◆ Activity
Only one span of the listing below should come back. It runs from the line with "Hotel The Beverly Hilton 4*" through the line with "Valentino Black Patent", and each of its lines must be reproduced exactly.

◆ Input data
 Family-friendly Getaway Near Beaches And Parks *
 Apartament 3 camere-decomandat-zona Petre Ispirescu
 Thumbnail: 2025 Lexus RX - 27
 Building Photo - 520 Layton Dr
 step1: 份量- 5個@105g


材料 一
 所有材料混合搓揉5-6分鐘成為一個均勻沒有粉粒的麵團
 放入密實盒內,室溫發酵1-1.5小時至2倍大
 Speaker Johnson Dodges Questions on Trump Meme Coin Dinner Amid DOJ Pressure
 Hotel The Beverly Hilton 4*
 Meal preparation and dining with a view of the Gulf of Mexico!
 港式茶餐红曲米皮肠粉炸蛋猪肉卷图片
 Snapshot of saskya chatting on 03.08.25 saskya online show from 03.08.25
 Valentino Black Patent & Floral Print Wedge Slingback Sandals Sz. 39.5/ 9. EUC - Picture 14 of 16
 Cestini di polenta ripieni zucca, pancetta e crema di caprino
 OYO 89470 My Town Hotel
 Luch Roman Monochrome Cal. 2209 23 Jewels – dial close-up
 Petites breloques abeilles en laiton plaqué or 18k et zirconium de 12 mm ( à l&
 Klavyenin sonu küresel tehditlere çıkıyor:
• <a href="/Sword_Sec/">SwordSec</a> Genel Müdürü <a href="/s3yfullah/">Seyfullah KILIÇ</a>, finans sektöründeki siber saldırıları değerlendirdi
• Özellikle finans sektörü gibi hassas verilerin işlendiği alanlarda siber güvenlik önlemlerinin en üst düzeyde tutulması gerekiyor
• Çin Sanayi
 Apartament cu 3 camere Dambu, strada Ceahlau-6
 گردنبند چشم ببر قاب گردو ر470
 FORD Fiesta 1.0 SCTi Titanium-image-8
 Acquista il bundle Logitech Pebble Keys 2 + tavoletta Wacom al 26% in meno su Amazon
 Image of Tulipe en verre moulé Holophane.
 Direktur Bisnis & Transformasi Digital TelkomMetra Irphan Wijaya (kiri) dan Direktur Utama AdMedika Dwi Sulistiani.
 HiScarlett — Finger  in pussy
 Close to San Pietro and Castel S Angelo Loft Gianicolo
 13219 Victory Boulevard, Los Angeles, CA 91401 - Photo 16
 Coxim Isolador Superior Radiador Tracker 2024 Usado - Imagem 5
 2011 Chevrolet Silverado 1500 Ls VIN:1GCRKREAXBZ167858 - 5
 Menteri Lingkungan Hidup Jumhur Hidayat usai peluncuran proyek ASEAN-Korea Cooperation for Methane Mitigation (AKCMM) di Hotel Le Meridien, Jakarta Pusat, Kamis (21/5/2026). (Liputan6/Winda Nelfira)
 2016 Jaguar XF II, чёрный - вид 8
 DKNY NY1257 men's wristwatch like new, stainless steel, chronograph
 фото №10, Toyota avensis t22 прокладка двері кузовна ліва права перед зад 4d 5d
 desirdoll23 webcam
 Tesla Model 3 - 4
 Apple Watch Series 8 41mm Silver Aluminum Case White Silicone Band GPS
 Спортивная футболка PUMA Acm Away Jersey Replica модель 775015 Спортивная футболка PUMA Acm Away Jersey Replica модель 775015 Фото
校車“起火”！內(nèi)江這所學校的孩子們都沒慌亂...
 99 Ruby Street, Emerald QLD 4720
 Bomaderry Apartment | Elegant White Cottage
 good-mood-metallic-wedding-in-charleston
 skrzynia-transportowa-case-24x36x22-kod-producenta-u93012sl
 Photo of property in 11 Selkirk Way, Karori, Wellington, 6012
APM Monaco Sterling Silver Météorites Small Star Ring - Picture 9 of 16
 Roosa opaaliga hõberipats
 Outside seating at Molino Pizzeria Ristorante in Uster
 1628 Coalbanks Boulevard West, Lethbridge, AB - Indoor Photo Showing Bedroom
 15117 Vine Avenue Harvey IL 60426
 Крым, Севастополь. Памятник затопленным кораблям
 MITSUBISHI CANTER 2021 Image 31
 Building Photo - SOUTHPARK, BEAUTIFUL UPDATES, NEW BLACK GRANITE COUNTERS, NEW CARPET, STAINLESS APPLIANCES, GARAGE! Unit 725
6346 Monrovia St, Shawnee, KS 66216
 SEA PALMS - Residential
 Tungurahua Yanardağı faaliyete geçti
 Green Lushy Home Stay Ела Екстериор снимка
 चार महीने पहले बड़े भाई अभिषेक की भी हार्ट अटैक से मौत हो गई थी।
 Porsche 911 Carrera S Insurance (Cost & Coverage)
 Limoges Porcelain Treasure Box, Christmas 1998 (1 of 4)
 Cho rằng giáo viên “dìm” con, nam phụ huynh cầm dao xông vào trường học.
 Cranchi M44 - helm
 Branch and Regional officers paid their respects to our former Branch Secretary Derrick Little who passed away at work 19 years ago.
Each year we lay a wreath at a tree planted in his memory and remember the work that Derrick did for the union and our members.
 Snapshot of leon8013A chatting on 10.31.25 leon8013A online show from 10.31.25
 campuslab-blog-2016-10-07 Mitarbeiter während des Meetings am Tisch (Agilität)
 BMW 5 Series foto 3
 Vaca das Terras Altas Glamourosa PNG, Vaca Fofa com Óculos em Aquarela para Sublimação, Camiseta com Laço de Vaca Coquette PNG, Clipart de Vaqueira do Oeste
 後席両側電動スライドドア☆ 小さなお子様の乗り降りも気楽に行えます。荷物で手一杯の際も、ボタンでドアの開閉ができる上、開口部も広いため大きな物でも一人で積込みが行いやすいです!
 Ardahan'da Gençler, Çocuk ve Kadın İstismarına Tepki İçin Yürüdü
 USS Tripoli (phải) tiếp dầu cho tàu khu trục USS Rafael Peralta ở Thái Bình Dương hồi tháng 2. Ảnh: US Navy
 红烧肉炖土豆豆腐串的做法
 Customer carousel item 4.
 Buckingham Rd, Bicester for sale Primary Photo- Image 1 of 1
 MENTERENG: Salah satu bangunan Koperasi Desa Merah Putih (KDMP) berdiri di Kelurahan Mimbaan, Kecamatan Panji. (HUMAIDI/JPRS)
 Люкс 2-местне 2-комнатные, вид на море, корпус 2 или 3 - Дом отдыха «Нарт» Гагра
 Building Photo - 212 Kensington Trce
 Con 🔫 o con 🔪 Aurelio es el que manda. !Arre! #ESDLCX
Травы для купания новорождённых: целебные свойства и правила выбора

◆ Task output
 Hotel The Beverly Hilton 4*
 Meal preparation and dining with a view of the Gulf of Mexico!
 港式茶餐红曲米皮肠粉炸蛋猪肉卷图片
 Snapshot of saskya chatting on 03.08.25 saskya online show from 03.08.25
 Valentino Black Patent & Floral Print Wedge Slingback Sandals Sz. 39.5/ 9. EUC - Picture 14 of 16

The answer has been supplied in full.